Among the very few attempts to break with the official discourse was a special issue of the Russian journal Neprikosnovennyi Zapas (NZ),1 published jointly with the German journal Osteuropa, that focused on Russian and German memories of WWII. While the German contributors reflected on the impact of memory of the war in post-war Germany, their Russian counterparts meditated on the memory of the “victors”. In their introduction to the issue, the editors emphasized that the historical significance of WWII could not be analysed outside the context of Stalin’s crimes or the nature of the Soviet regime. Nevertheless, the editors had to deal with real and not ideal authors.
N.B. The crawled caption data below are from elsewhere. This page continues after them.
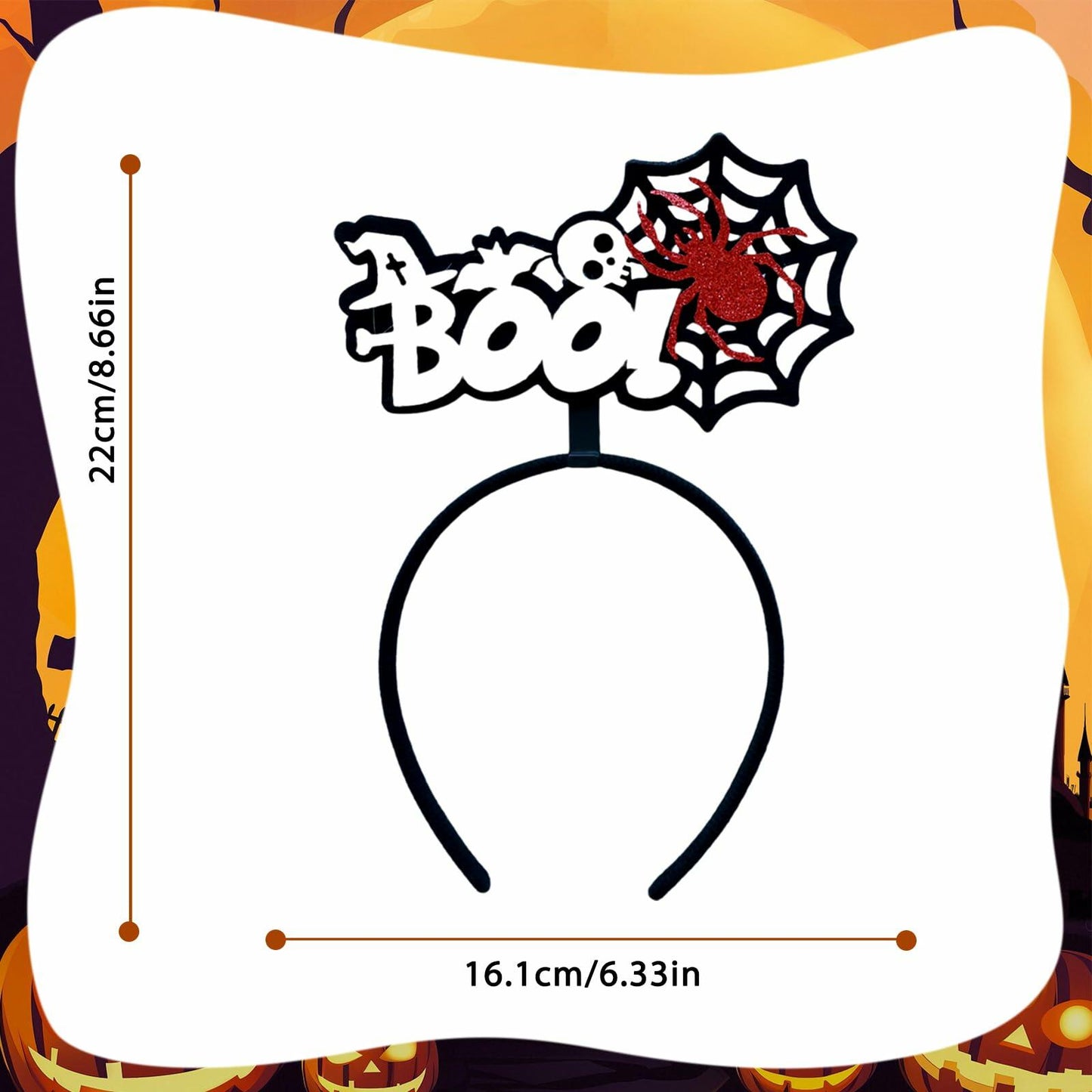 Qiexuxing Halloween Spider Headband 2-Pack Black Felt Fabric One Size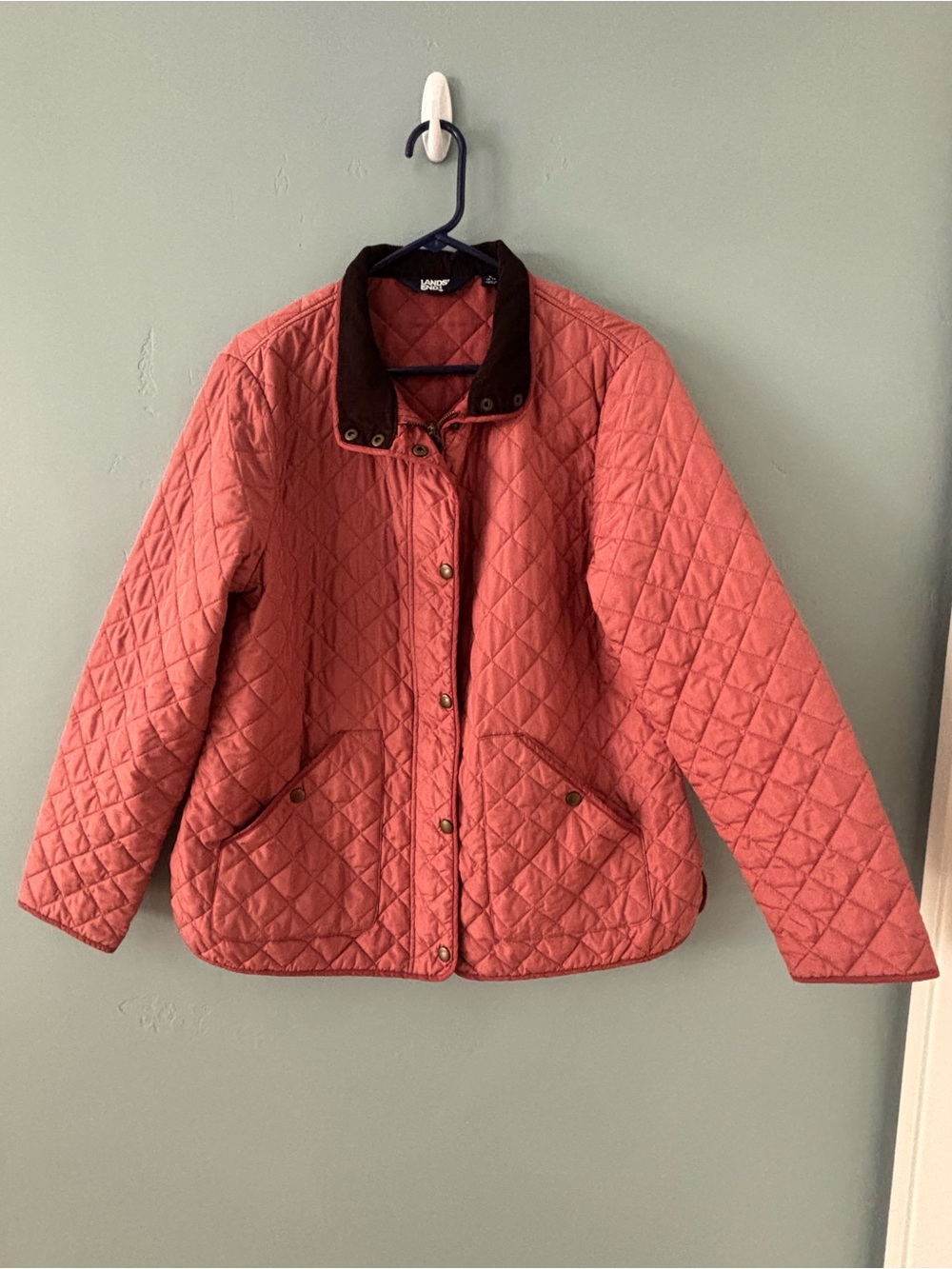 Lands' End Quilted Coral Puffer Jacket with Brown Corduroy Collar - Picture 3 of 5
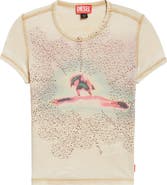 DIESEL® T-Uncuties Rhinestone Embellished Graphic T-Shirt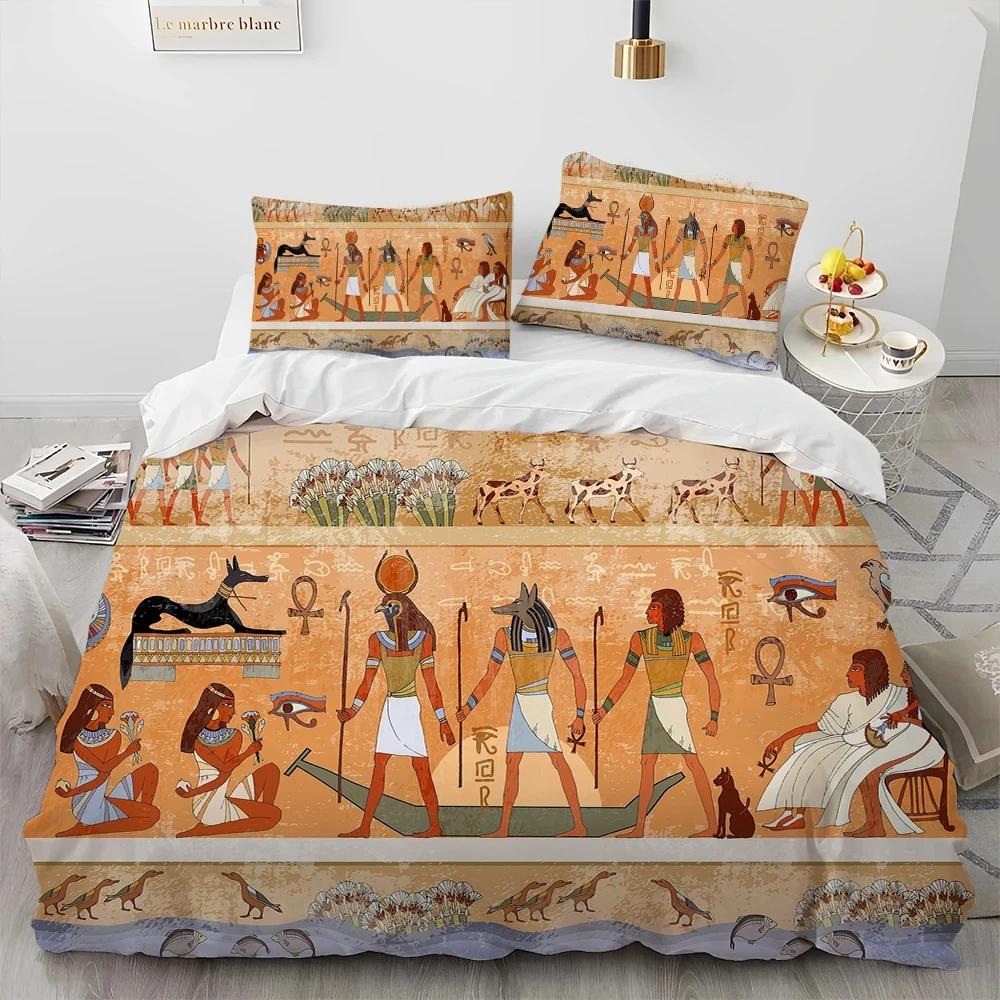Egyptian Mythology Pharaoh Hieroglyphics Bedding Set Duvet Cover Bed Set Quilt Cover Pillowcase Comforter King Queen Size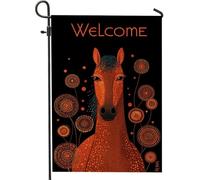 Affascinante bandiera autunnale da giardino con cavallo, decorazione floreale arancione vivace, striscione per la casa su entrambi i lati, decorazione festiva per il prato all'aperto, cartello di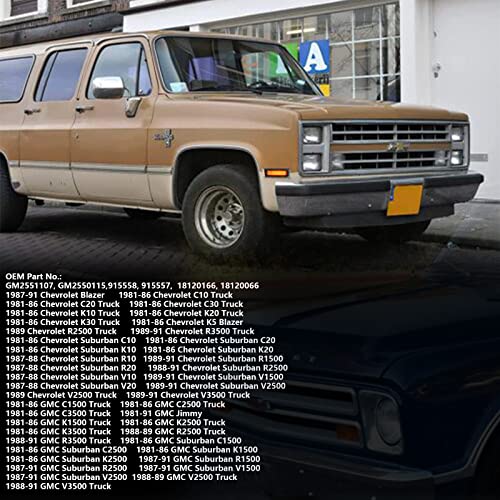 Ixcnet Led Side Marker Light Replacement For 1981-1991 Chevy/Gmc C/K 1500 2500 C10 C20 Suburban Blazer Jimmy, Front Fender Led Side Marker Lights Driver And Passenger Side, 1 Packs #TOP1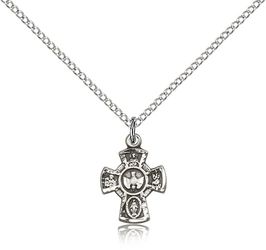 Sterling Silver 5-Way Medal Pendant" itemprop="image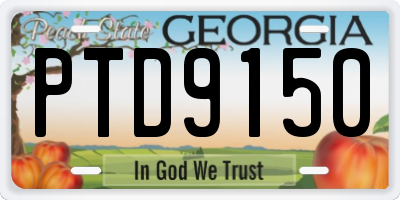 GA license plate PTD9150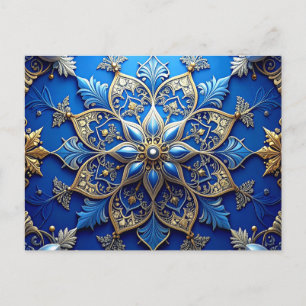 Postale Carte de vœux décorative bleue et or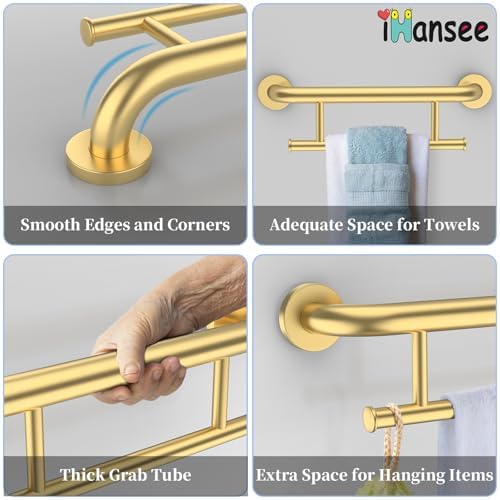 17 Inch Gold Towel Holder Grab Bar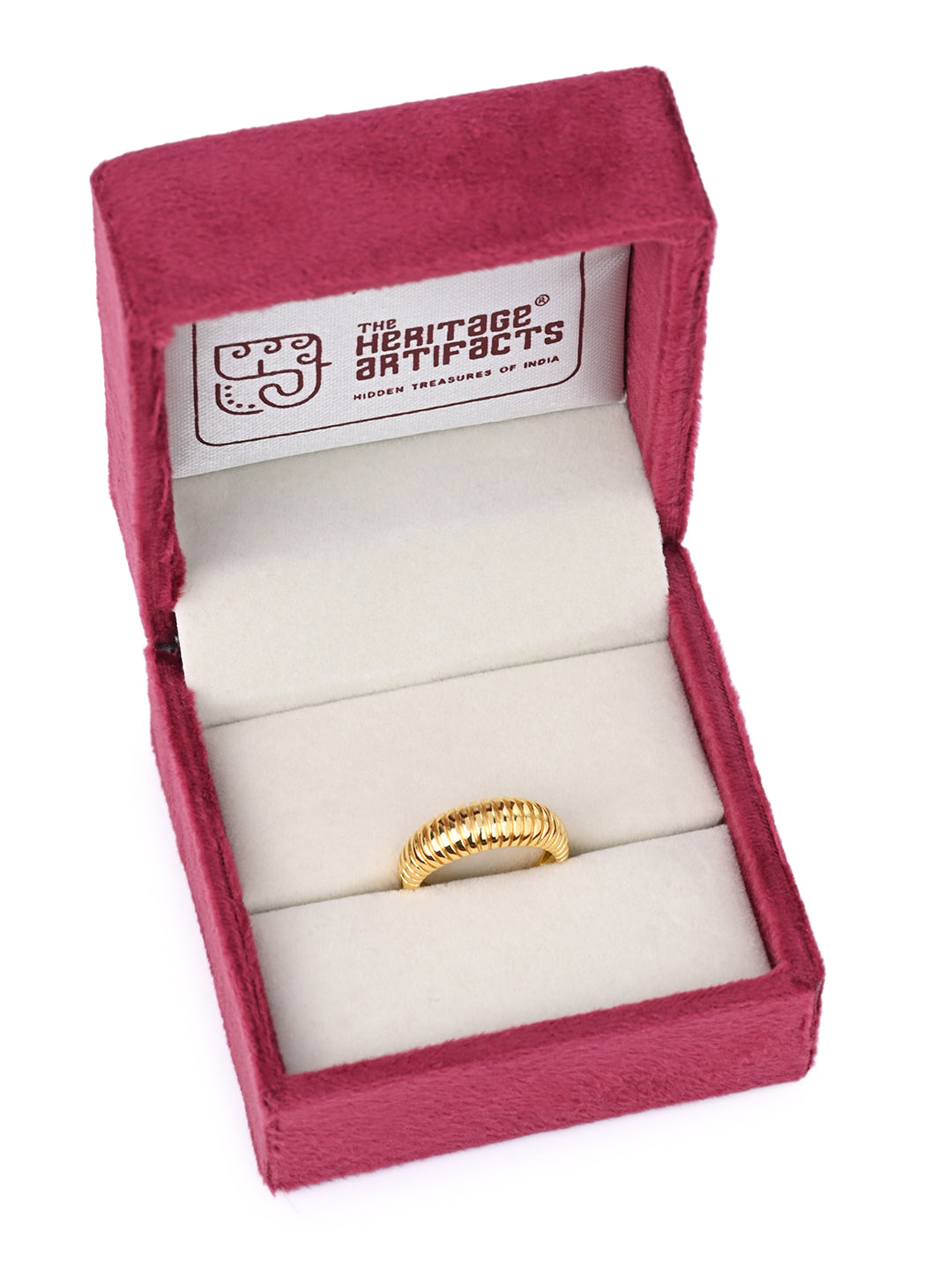 MAURYANA - Stainless Steel Gold Plated Sleek and Stylish Ring - One size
Consequently, the Holocaust dominates the German half of the issue, while in the Russian half one can read mostly about Russian prisoners of war, civilian victims, and so on.
The war myth prevents reflection on responsibility for Soviet crimes and hence it is the memory of the horrific, bloody but justifiable patriotic sacrifice that predominates in the texts of the Russian authors. The myth prevents them from asking why the memory of the war in Germany is inseparable from the condemnation of the National Socialism, while continuing to suppress any reflection on the nature of the regime under which the “victorious Soviet people” lived and fought.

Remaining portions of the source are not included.